The crew of Coast Guard Cutter Terrapin, homeported in Bellingham, returned Monday after a Pacific patrol to support counter drug operations off Southern California.

Terrapin crewmembers conducted a 42-day patrol totaling nearly 600 operational hours, completing 20 recreational safety boardings and interrupting the illegal flow of narcotics into the U.S.

While working jointly with Customs and Border Protection and the Mexican navy to stem the flow of illegal drugs entering the U.S., a Customs and Border Protection Office of Air and Marine Multi-role Enforcement Aircraft crew detected a suspicious boat Aug. 21 and the Terrapin crew was diverted to intercept.

The Terrapin's crew stopped the panga and detained the suspected smugglers who claimed Mexican nationality and discovered an estimated 90 bales of marijuana weighing nearly 2,000 pounds. The suspects, vessel and marijuana were turned over to the Mexican navy.

"I feel very blessed to have the best crew in the Service," said Lt. j.g.
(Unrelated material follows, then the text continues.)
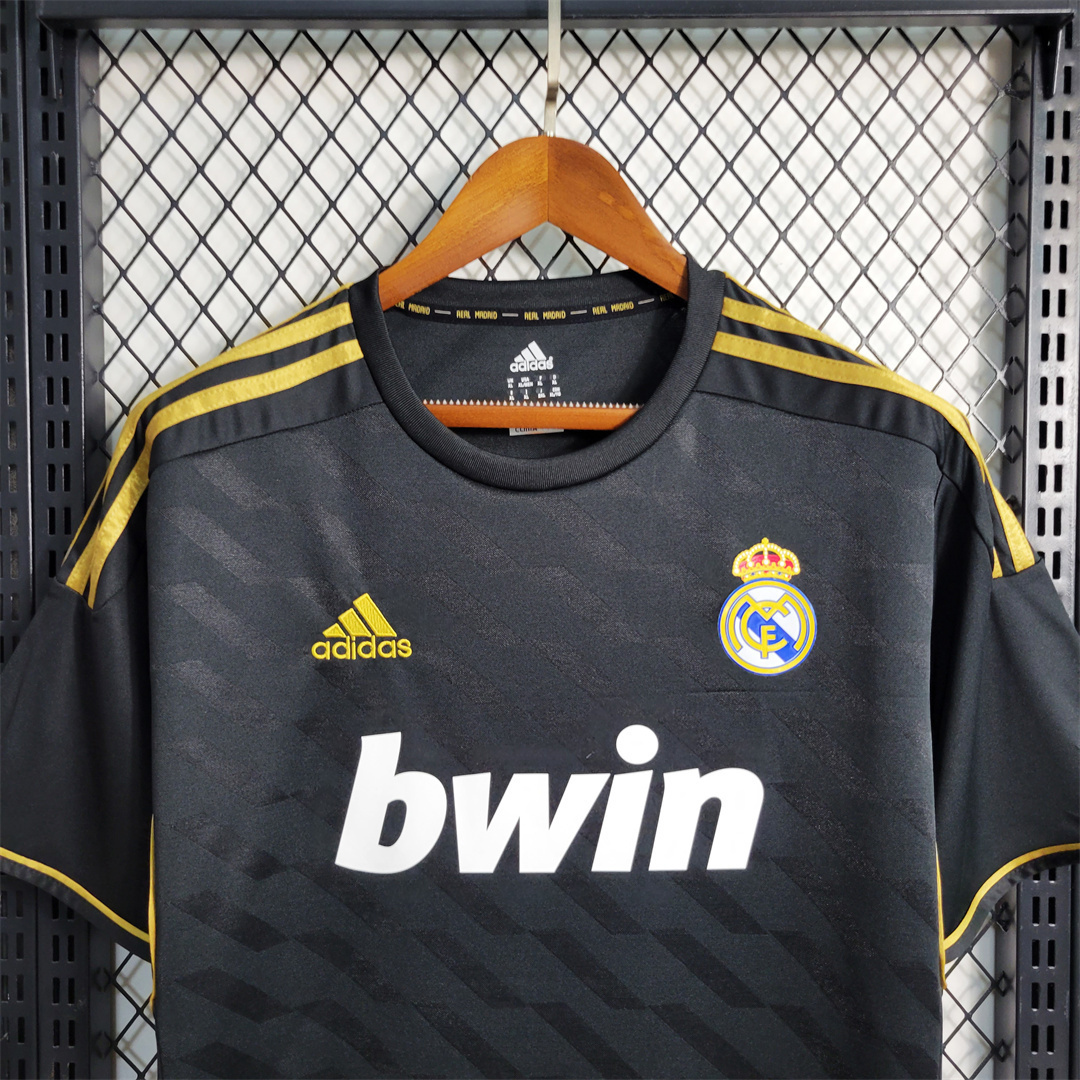 11-12 Real Madrid away black 5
Gregory Bernstein, commanding officer, Coast Guard Cutter Terrapin. "Every member of Terrapin performed at the highest level in a challenging environment and committed themselves fully to accomplishing this mission. As a crew, we were thrilled with the opportunity to contribute in securing our nation's Southwest border and to work side by side with our international and interagency partners."
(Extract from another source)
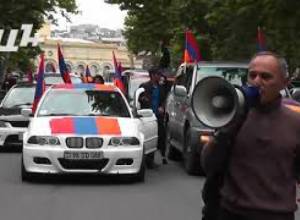 «Էնքան ենք անելու էս ակցիաները, մինչև վերջին մարդը հրաժարվի իր պաշտոնից»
The crew primarily serves the mariners of Washington's western coastline by patrolling the waters, responding to search and rescue missions, protecting our borders, enforcing state and federal fisheries regulations and conducting safety and security exams.

The Terrapin is an 87-foot coastal patrol boat with a crew of 12. They were augmented on this patrol with a member at Coast Guard Sector Puget Sound's Vessel Boarding Security Team.